## DATA FOR THIS EXERCISE
Content starts
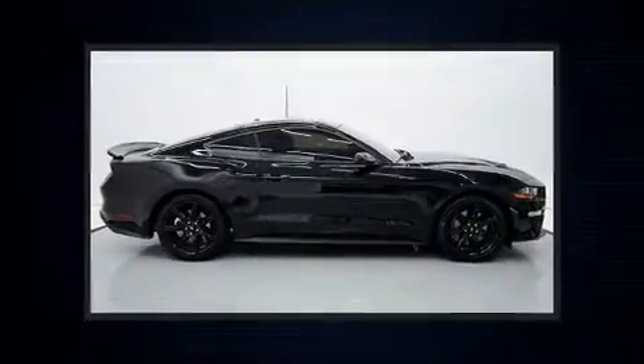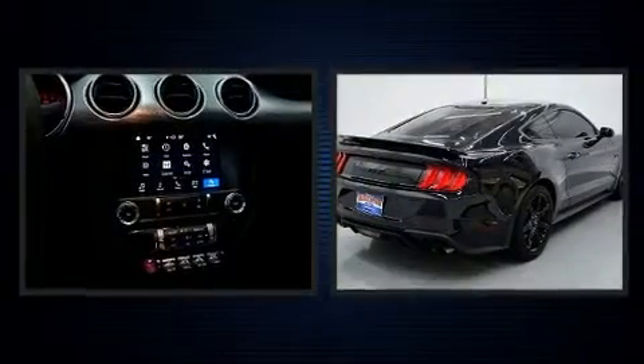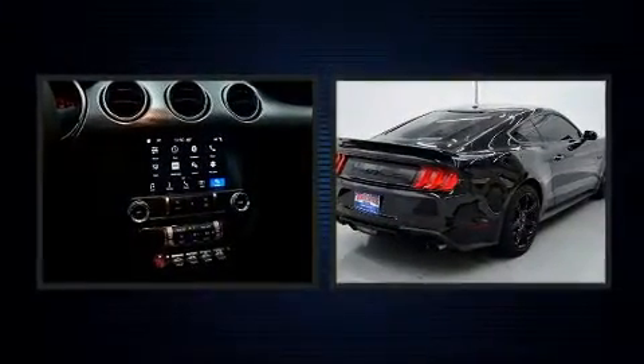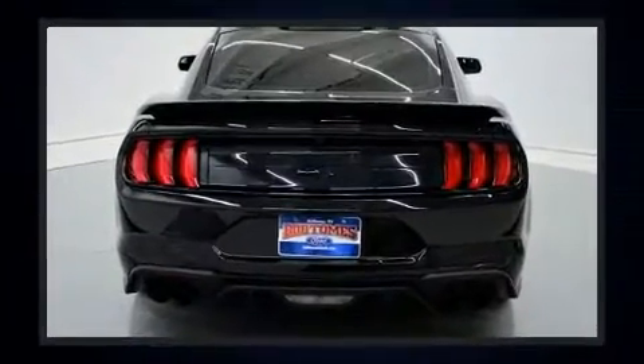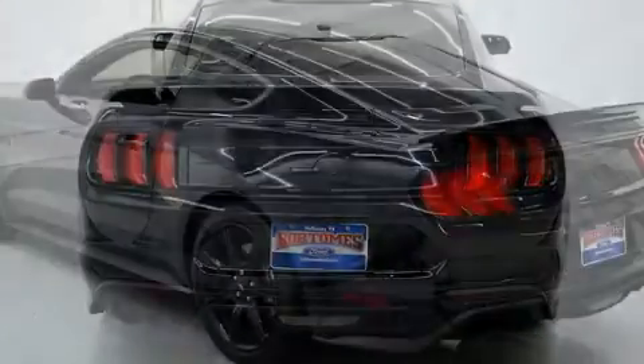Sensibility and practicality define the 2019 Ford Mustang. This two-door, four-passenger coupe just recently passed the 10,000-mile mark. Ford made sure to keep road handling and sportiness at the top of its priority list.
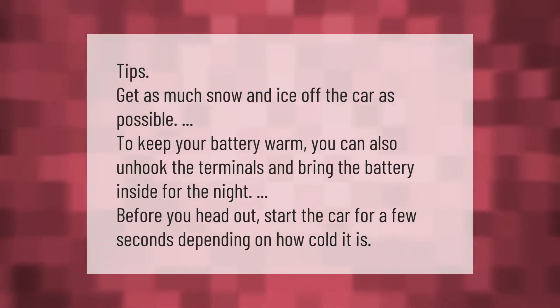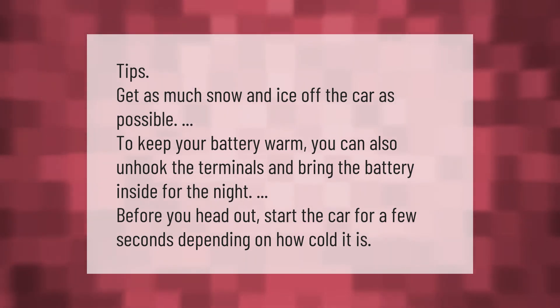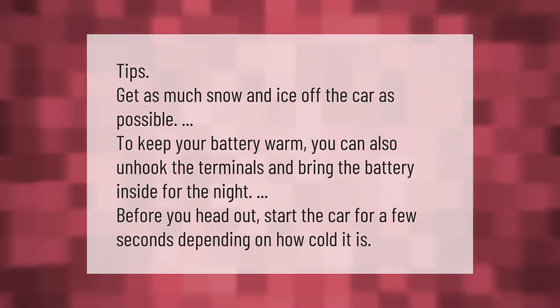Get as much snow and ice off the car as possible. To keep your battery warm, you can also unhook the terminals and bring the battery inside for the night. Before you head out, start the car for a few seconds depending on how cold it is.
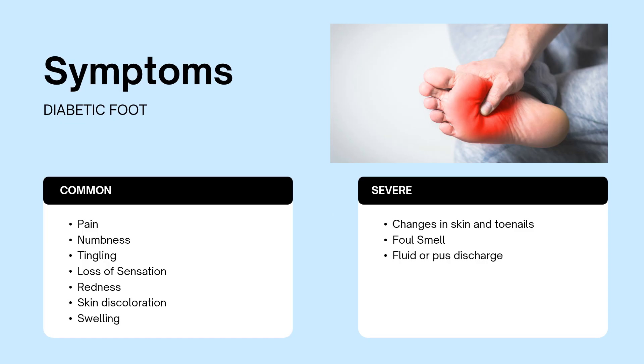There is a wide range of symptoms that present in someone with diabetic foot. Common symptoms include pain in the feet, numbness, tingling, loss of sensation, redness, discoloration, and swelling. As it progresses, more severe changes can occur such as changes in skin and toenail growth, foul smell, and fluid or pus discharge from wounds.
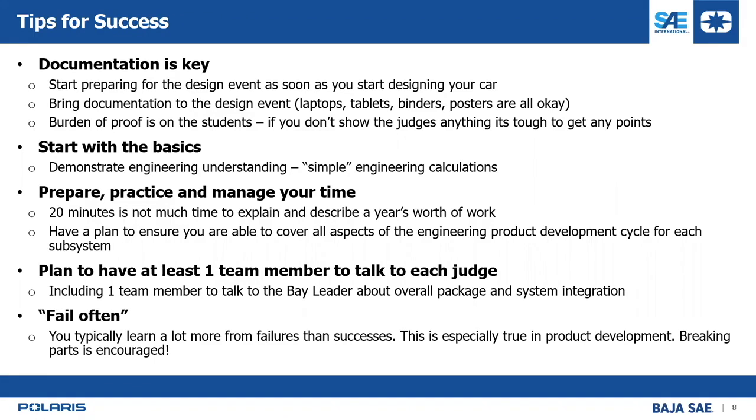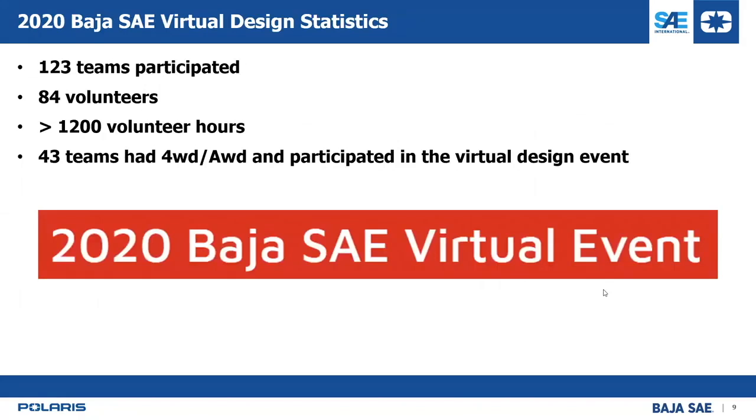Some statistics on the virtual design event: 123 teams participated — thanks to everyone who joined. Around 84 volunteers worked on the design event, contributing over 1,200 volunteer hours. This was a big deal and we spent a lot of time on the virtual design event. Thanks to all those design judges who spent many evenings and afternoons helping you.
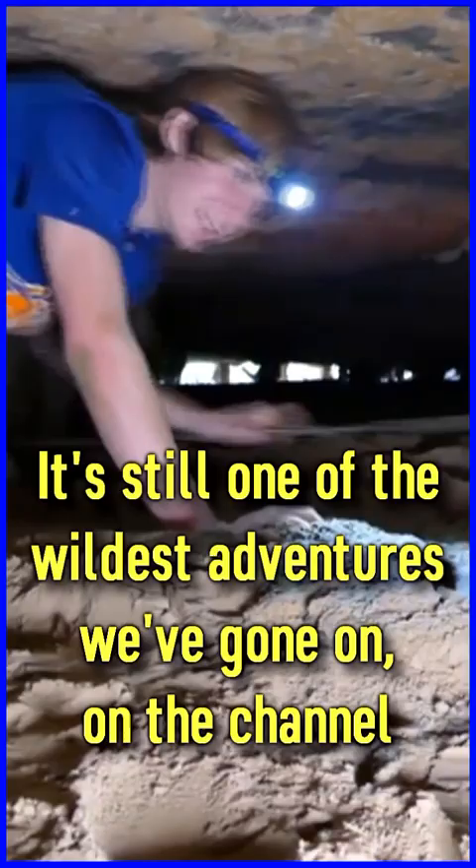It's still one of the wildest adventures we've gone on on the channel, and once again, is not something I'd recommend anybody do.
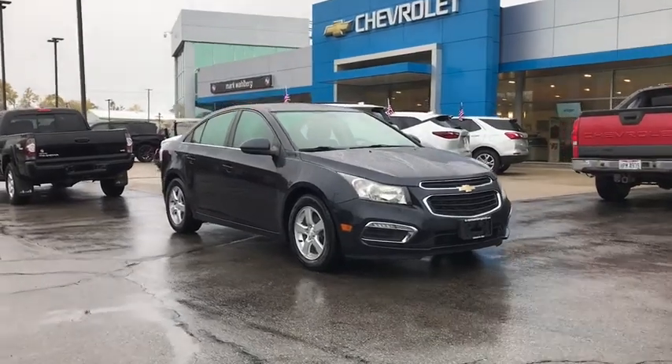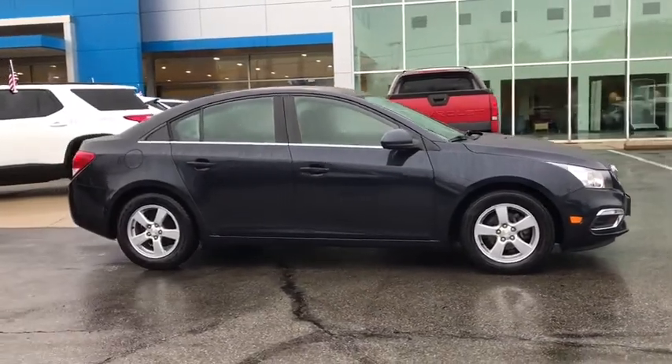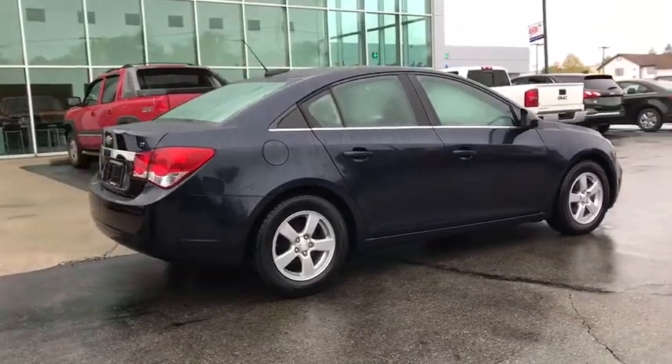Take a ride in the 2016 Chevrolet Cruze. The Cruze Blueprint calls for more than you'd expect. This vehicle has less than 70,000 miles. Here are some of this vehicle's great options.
Content ends
## WHAT TO WORK ON
Go through the material above and retype every line exactly, without the images.

## EXERCISE ANSWER
Sensibility and practicality define the 2019 Ford Mustang. This two-door, four-passenger coupe just recently passed the 10,000-mile mark. Ford made sure to keep road handling and sportiness at the top of its priority list.
Get as much snow and ice off the car as possible. To keep your battery warm, you can also unhook the terminals and bring the battery inside for the night. Before you head out, start the car for a few seconds depending on how cold it is.
There is a wide range of symptoms that present in someone with diabetic foot. Common symptoms include pain in the feet, numbness, tingling, loss of sensation, redness, discoloration, and swelling. As it progresses, more severe changes can occur such as changes in skin and toenail growth, foul smell, and fluid or pus discharge from wounds.
Some statistics on the virtual design event: 123 teams participated — thanks to everyone who joined. Around 84 volunteers worked on the design event, contributing over 1,200 volunteer hours. This was a big deal and we spent a lot of time on the virtual design event. Thanks to all those design judges who spent many evenings and afternoons helping you.
It's still one of the wildest adventures we've gone on on the channel, and once again, is not something I'd recommend anybody do.
Take a ride in the 2016 Chevrolet Cruze. The Cruze Blueprint calls for more than you'd expect. This vehicle has less than 70,000 miles. Here are some of this vehicle's great options.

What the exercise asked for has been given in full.